- PROBLEM
Transcribed word for word, the lines below from the one with "Now we create" through the last line of the records form the answer; no picture is to be included.

● ● ● ●

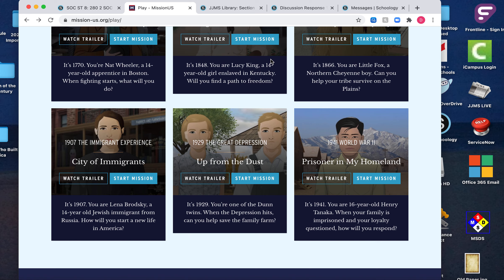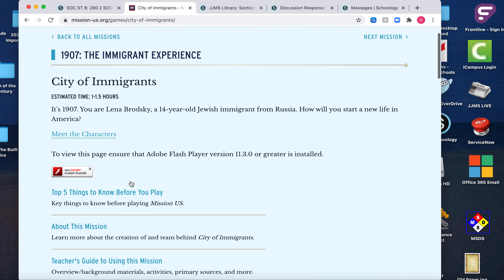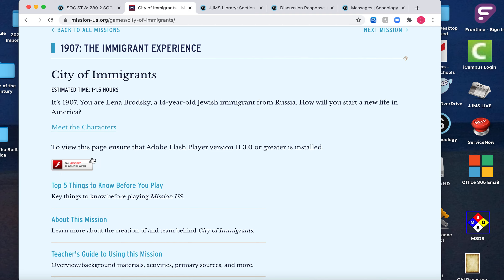To use the Flash Player for the Immigrant Experience game, if Flash Player is already enabled on your computer, when you go to the Immigrant Experience and click on Start Mission, you'll see a pop-up. All you need to do is press this button — I'm circling it with my mouse right now — it says Get Adobe Flash Player.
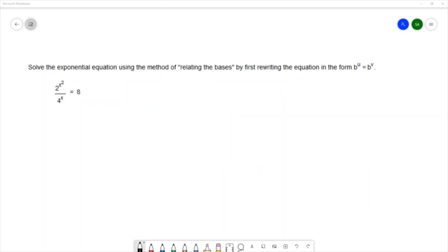We'll take a look at this example which says: solve the exponential equation using the method of relating the bases, by first writing the equation in the form b to the u equals b to the v. We're going to use this method of solving called relating the bases — in some textbooks they call it the one-to-one property. That method starts off by writing your equation in this format: b to the u equals b to the v, so we want the same base on both sides of the equation.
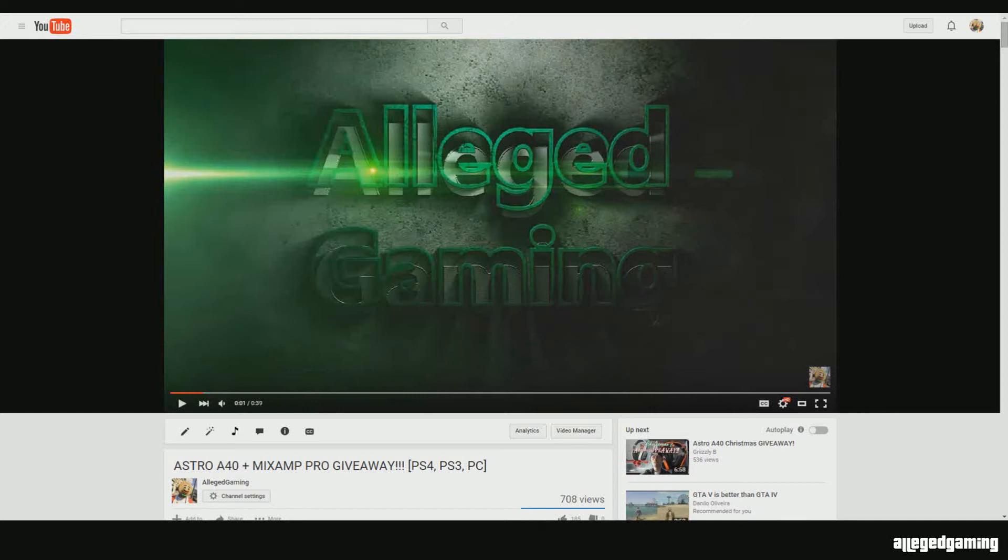What's going on AG Squad, AllegedGamer here,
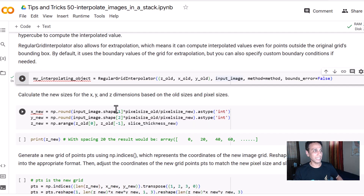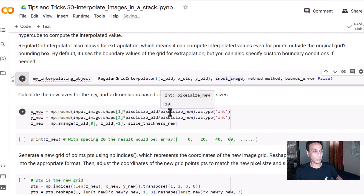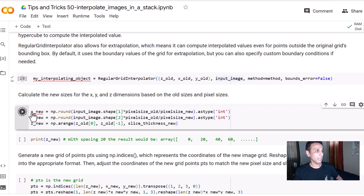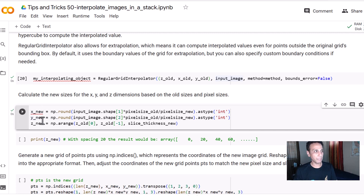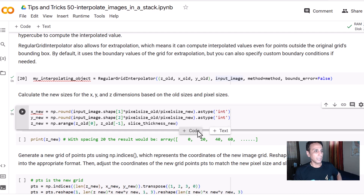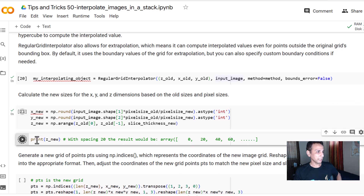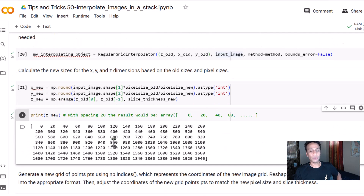Now we create the new coordinate arrays. x_new and y_new are the same as before since we're keeping the same 10-nanometer pixel size. Only z_new changes — it takes the new slice thickness and fills in those coordinates. Previously the z values went 0, 40, 80; now we have 0, 20, 40.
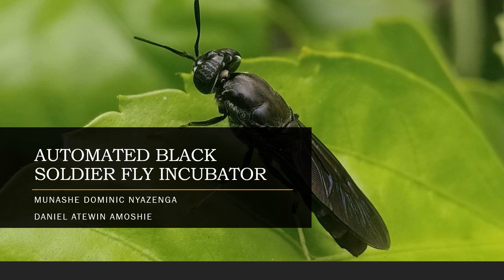Hello and welcome to our project. We are working on an automated black soldier fly incubator. My name is Manasha Dominik Nyazenga and I've been working with Daniel Atarina Moshi.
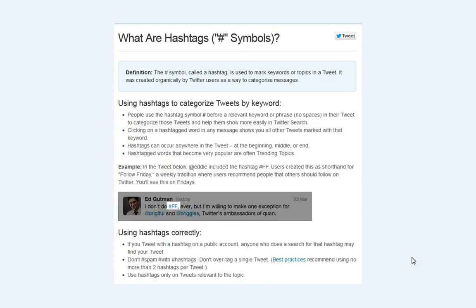Hashtags can occur anywhere in the tweet — in the beginning, in the middle, or at the end. As long as they are within the tweet, it's all acceptable. Hashtagging is also a way to see what's trending and to find popular words that are trending within the search.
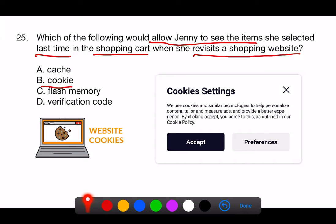Here's why the other options are not correct. A. Cache. The cache stores temporary files, such as webpages and other online media, that a browser downloads to speed up the loading of sites upon future visits. While cache might help pages load faster, it does not typically store user-specific data like shopping cart contents.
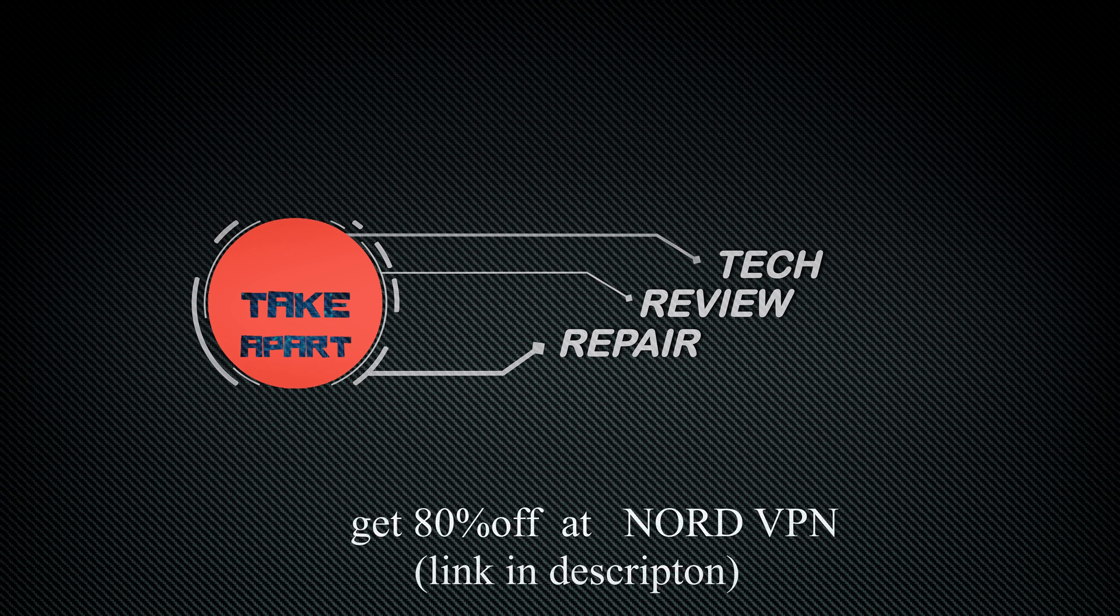NordVPN, the best internet security, has now a special offer, 80% discount. Check link in description.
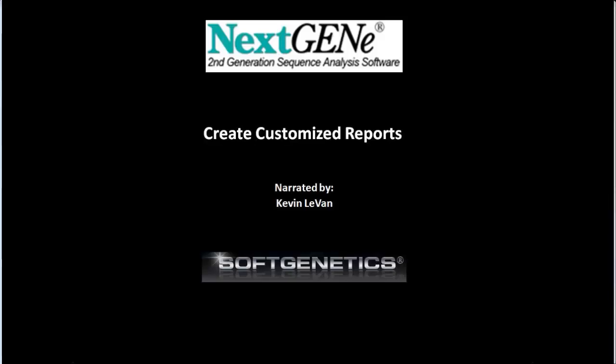Hi, my name is Kevin Levan, and today I'm going to be discussing the summary report of the NextGene viewer.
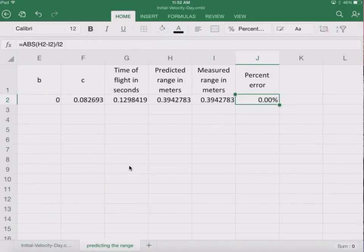We wanted to verify that our equations were coming in correctly. In the next video, we are going to extend this to 20 degrees. Let's go ahead and continue.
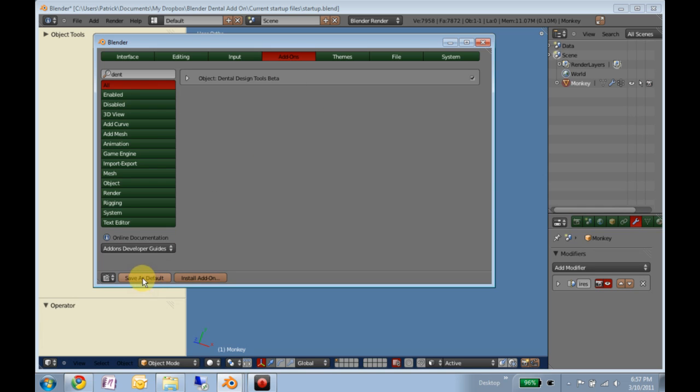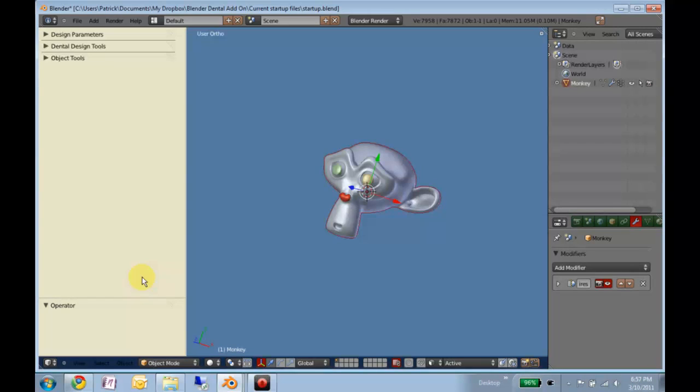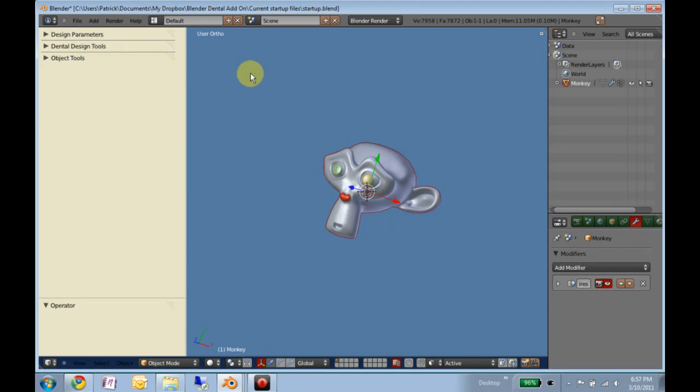But you have to do this first. Save as default. So that saves everything - your colors, which tools are added on, things like that.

● ● ● ●

- EXERCISE SOLUTION
Now we create the new coordinate arrays. x_new and y_new are the same as before since we're keeping the same 10-nanometer pixel size. Only z_new changes — it takes the new slice thickness and fills in those coordinates. Previously the z values went 0, 40, 80; now we have 0, 20, 40.
Hello and welcome to our project. We are working on an automated black soldier fly incubator. My name is Manasha Dominik Nyazenga and I've been working with Daniel Atarina Moshi.
Hashtags can occur anywhere in the tweet — in the beginning, in the middle, or at the end. As long as they are within the tweet, it's all acceptable. Hashtagging is also a way to see what's trending and to find popular words that are trending within the search.
Here's why the other options are not correct. A. Cache. The cache stores temporary files, such as webpages and other online media, that a browser downloads to speed up the loading of sites upon future visits. While cache might help pages load faster, it does not typically store user-specific data like shopping cart contents.
NordVPN, the best internet security, has now a special offer, 80% discount. Check link in description.
Hi, my name is Kevin Levan, and today I'm going to be discussing the summary report of the NextGene viewer.
We wanted to verify that our equations were coming in correctly. In the next video, we are going to extend this to 20 degrees. Let's go ahead and continue.
But you have to do this first. Save as default. So that saves everything - your colors, which tools are added on, things like that.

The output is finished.